WORK ORDER >>
What lines of the material hold the string "وارد"? Pull each of them out.

GIVEN RECORDS >>
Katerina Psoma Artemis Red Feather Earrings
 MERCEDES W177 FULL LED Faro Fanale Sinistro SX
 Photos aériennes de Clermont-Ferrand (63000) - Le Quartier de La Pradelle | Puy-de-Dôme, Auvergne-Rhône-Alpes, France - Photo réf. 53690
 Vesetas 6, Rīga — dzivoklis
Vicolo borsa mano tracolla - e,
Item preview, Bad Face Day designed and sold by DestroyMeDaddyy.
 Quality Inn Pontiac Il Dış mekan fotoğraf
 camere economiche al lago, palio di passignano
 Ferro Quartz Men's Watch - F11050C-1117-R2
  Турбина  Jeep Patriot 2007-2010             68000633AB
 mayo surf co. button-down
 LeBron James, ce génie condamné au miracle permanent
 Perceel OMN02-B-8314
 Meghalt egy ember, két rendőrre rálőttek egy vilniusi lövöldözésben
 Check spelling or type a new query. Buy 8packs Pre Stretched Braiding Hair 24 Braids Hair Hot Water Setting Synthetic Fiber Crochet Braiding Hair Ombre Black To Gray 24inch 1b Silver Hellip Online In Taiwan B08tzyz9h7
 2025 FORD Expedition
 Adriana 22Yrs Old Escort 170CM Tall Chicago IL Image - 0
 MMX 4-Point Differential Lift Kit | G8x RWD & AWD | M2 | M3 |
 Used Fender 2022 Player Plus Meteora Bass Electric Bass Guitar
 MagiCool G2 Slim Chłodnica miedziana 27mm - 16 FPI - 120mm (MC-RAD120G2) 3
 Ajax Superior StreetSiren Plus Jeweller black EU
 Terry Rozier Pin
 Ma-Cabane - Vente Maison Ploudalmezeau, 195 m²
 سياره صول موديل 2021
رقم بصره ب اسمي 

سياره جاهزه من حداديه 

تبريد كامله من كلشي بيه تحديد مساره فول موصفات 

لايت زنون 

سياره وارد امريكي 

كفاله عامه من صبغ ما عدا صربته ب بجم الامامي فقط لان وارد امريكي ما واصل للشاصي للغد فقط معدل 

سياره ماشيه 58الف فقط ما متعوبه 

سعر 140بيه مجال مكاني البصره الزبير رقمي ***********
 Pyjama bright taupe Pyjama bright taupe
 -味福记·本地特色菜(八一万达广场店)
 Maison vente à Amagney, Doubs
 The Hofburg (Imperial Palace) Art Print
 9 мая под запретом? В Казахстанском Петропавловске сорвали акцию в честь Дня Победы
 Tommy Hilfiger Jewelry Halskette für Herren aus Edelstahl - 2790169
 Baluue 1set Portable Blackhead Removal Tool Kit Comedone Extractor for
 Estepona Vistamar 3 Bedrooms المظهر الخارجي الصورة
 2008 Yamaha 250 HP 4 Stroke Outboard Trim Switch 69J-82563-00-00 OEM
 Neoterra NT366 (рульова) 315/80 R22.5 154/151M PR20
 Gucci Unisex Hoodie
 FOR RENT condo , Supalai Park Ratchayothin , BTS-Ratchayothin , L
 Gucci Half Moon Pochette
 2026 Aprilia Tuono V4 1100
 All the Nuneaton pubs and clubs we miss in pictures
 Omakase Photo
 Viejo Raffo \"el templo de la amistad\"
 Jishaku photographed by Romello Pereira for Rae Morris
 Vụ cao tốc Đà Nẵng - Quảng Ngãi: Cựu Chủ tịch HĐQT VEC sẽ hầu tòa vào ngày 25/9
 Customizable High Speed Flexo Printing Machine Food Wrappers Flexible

YOUR SOLUTION >>
سياره وارد امريكي 
كفاله عامه من صبغ ما عدا صربته ب بجم الامامي فقط لان وارد امريكي ما واصل للشاصي للغد فقط معدل 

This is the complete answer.